Namun pada akhirnya, saya “dipertemukan” dengan The Adams. Ketidaksengajaan dari tayangan Youtube membuat saya tertarik untuk mulai pedekate dengan band satu ini. Bak Si Doel dan Sarah, saya dan The Adams ternyata begitu cocok.
Telinga saya begitu dimanjakan dengan lagu-lagu ciamik The Adams macam Konservatif, Just, hingga Masa-masa.
Semua jenis lagu bisa kamu dapatkan di The Adams. Butuh lagu mellow? Dengarkan saja Glorious Time, atau Hanya Kau. Mau lagu yang bikin jingkrak-jingkrak? Setel saja Waiting, Halo Beni, atau Pelantur.
Bahkan kamu bisa mendengarkan lagu dengan konsep acapella lewat Berwisata. Tinggal pilih. Tinggal didengarkan.

Ada satu lagu The Adams yang benar-benar mengena dan terus berputar-putar di pikiran saya sampai tulisan ini dibuat. Judulnya Timur. Jika ditanya lagu apa yang mampu merepresentasikan The Adams. Maka lagu di album ketiga The Adams berjudul Timur adalah jawabannya.
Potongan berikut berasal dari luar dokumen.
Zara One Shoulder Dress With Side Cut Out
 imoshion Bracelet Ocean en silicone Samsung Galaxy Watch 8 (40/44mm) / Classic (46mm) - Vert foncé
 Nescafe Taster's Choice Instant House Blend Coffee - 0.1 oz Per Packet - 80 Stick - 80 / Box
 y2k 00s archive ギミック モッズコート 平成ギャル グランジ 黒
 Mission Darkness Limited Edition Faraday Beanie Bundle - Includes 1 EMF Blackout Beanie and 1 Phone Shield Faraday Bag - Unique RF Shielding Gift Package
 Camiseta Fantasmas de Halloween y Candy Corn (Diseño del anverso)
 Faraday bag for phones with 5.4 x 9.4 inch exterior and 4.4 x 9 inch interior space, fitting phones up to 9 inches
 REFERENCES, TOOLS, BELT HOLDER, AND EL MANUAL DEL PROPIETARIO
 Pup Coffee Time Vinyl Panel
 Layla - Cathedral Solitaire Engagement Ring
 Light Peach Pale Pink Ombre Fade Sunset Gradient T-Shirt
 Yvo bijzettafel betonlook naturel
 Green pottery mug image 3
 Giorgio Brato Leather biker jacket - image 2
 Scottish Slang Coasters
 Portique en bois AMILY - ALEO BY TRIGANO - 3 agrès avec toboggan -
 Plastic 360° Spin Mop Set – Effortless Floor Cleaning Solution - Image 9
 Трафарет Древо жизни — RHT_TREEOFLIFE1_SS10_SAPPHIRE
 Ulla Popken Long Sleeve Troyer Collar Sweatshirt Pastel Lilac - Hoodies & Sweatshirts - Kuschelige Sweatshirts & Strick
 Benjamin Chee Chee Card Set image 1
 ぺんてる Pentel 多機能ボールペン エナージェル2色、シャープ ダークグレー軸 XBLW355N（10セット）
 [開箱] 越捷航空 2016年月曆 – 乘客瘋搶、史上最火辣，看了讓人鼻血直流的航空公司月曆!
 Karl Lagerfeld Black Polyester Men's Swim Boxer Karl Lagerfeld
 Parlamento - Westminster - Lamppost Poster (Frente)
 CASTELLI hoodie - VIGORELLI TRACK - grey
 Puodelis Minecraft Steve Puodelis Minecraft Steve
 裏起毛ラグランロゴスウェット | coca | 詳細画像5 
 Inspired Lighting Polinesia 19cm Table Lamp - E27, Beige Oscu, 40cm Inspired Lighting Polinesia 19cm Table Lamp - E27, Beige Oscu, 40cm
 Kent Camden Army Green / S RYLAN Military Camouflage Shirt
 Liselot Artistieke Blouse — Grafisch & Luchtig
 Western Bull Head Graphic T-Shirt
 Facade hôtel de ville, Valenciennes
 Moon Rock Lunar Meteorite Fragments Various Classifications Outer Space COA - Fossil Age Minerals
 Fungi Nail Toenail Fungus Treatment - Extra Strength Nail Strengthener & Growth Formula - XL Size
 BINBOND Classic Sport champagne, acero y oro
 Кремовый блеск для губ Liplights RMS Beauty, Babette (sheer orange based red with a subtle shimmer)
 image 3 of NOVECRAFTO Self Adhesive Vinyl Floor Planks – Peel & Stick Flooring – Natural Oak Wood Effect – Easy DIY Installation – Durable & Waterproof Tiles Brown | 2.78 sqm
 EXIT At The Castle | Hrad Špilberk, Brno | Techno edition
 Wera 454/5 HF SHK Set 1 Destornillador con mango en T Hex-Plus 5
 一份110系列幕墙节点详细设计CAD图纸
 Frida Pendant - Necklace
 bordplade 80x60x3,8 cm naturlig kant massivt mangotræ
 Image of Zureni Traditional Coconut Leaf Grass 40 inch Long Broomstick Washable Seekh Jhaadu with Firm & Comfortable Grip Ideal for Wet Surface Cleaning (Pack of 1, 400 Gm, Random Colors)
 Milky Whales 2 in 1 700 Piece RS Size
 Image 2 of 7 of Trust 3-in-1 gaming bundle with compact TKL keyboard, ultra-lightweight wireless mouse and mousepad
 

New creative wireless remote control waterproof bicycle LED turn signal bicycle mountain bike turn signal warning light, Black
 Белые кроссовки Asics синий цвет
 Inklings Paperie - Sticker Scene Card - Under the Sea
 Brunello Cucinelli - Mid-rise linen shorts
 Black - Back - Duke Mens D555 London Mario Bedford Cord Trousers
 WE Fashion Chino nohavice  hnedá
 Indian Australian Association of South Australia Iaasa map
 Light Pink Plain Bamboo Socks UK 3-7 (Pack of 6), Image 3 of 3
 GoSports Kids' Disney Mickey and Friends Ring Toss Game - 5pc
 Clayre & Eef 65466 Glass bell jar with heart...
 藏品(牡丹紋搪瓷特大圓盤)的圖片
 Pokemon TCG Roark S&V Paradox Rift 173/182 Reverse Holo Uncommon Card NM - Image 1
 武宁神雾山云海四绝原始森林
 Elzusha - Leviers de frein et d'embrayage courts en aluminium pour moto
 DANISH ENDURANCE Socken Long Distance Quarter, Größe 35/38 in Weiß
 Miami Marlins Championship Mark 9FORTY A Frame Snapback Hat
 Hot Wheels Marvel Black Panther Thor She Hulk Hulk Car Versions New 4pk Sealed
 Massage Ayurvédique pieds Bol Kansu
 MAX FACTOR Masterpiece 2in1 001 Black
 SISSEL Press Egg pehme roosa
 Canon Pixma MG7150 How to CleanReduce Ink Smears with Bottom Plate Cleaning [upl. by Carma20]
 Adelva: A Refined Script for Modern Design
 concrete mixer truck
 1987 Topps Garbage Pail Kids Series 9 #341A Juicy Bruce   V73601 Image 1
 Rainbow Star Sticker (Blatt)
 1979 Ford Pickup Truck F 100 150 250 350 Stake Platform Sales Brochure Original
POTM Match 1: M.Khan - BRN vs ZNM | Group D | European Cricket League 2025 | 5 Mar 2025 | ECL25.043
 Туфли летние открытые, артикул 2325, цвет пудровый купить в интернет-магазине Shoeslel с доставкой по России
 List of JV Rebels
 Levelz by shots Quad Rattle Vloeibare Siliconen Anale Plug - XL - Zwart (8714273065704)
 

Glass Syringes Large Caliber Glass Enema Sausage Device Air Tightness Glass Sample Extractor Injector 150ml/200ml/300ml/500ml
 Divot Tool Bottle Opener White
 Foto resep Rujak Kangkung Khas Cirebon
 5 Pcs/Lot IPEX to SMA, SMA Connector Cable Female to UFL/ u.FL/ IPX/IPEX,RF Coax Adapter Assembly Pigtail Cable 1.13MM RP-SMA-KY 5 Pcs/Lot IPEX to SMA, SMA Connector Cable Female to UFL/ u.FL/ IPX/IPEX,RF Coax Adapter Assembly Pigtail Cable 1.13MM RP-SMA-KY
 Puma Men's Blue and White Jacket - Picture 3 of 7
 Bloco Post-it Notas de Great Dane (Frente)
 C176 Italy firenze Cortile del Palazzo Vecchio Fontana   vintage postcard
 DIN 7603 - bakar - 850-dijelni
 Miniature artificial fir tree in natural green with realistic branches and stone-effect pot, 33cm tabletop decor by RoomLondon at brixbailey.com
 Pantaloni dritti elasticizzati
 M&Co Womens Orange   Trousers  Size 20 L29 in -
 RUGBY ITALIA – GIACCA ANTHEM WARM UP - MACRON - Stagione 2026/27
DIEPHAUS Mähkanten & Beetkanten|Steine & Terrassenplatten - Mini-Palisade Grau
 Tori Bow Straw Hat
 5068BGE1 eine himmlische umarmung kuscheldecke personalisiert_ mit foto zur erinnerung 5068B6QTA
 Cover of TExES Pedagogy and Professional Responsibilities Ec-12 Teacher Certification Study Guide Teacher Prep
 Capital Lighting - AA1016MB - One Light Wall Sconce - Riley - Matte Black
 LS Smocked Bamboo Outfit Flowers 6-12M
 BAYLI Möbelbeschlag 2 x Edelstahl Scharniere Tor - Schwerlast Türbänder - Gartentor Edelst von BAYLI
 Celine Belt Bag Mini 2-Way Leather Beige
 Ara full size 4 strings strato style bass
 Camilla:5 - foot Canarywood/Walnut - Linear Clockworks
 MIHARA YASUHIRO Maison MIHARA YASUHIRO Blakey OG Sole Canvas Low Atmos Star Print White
Lagu Timur yang punya lirik luar biasa indah ini hadir di album ketiga The Adams bertajuk Agterplass. Lagu yang jika didengarkan di momen yang tepat bakal membuat kamu menitikan air mata tak terkira. Seriously.
Hingga 2019 ini, The Adams sudah memiliki 3 album. Album pertama bertajuk self titled dirilis pada 2005. Setahun kemudian muncul album kedua dengan nama V2.05. Terakhir ada Agterplass yang hadir pada 2019.
Memang ada jeda waktu yang sangat panjang dari album kedua ke album ketiga. Namun The Adams menjawab kerinduan para penggemarnya lewat deretan lagu ciamik di album Agterplass.
Bagi saya, The Adams adalah representasi dari dinamisnya musik Indonesia. Sejak kemunculannya, The Adams terus bertransformasi dan mampu menempatkan diri dalam belantika musik Indonesia yang progresif dan penuh warna.
Jika kamu bosan dengan alunan musik folk yang belakangan ini merajai belantika musik Indonesia, The Adams bisa jadi solusinya. Telinga kamu sekalian bakal dimanjakan dengan sajian nada dan irama berkualitas dengan barisan lirik yang bernas.